• _Required work_: Where does the word "Snow" show up in the data? Please find each such line and copy it.

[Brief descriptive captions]

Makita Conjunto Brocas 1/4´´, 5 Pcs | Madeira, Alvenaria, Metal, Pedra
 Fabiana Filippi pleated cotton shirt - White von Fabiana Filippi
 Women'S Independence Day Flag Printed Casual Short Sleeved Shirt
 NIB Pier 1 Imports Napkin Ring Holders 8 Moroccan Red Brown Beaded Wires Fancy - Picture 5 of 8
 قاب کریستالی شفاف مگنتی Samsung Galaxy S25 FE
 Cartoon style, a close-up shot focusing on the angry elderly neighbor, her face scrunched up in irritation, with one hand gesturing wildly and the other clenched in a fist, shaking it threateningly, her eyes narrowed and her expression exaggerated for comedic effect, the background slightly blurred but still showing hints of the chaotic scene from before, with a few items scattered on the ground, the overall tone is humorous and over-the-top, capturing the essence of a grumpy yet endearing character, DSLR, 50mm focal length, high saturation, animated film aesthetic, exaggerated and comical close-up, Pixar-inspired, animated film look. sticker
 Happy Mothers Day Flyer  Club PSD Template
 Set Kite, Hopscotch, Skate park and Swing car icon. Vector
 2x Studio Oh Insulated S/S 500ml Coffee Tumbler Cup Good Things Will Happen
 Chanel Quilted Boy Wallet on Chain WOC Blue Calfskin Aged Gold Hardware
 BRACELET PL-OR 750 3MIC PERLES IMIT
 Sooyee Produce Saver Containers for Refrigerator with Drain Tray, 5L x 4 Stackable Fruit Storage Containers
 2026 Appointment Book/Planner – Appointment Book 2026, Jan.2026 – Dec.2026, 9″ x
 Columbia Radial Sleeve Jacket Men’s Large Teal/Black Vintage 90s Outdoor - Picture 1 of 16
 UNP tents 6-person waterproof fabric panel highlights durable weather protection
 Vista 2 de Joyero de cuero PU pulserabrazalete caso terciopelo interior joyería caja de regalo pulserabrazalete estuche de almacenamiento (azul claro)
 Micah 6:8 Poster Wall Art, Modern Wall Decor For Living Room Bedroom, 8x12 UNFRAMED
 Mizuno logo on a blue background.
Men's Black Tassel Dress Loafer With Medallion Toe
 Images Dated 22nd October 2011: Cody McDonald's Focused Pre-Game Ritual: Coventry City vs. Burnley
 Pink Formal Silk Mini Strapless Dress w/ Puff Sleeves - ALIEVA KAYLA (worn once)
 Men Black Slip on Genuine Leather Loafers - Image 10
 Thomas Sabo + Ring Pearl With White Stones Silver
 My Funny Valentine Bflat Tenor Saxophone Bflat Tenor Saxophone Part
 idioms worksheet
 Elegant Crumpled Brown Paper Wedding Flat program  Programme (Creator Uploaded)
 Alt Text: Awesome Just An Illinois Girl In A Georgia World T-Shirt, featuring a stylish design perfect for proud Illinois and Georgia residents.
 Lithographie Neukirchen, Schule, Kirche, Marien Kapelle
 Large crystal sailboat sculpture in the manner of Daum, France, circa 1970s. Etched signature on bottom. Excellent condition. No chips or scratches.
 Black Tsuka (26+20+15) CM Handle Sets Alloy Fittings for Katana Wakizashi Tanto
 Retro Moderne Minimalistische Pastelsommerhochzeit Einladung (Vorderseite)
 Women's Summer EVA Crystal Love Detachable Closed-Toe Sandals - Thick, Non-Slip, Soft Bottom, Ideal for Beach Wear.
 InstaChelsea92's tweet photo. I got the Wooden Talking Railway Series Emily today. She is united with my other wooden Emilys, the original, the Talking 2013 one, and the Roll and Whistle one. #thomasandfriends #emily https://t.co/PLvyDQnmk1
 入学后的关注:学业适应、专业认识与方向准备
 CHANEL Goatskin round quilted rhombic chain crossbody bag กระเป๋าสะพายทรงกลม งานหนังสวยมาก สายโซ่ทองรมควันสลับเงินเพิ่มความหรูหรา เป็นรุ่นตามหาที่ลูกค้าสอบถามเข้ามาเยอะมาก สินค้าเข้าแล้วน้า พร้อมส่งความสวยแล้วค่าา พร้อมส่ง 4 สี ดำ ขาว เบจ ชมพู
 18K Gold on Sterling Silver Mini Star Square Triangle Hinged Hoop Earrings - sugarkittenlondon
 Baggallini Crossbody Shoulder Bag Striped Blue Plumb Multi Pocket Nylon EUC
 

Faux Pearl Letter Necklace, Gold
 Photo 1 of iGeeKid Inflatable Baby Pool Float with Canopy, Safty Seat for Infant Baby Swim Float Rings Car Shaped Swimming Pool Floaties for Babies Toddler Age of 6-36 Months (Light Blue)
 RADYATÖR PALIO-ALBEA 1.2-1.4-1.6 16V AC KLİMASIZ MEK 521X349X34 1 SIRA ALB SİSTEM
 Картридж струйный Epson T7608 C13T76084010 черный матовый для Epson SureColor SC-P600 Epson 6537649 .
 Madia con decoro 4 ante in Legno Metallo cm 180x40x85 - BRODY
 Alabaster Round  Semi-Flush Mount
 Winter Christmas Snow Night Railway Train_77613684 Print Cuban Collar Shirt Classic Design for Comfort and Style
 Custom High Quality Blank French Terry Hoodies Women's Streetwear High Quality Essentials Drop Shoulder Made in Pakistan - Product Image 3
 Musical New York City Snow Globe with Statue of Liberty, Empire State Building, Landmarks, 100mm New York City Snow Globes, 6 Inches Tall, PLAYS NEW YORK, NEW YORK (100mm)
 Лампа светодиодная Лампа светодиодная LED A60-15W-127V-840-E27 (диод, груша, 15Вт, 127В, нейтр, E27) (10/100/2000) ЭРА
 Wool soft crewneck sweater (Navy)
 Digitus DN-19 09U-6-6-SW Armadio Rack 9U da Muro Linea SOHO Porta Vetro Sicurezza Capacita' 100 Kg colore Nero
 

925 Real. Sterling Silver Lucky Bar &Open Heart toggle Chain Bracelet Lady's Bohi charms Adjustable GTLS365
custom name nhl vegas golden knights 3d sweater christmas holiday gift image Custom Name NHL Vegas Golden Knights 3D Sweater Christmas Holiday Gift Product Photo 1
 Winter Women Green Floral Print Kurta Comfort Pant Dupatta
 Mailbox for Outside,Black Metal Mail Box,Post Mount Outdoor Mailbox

• _Answer below_:
 Winter Christmas Snow Night Railway Train_77613684 Print Cuban Collar Shirt Classic Design for Comfort and Style
 Musical New York City Snow Globe with Statue of Liberty, Empire State Building, Landmarks, 100mm New York City Snow Globes, 6 Inches Tall, PLAYS NEW YORK, NEW YORK (100mm)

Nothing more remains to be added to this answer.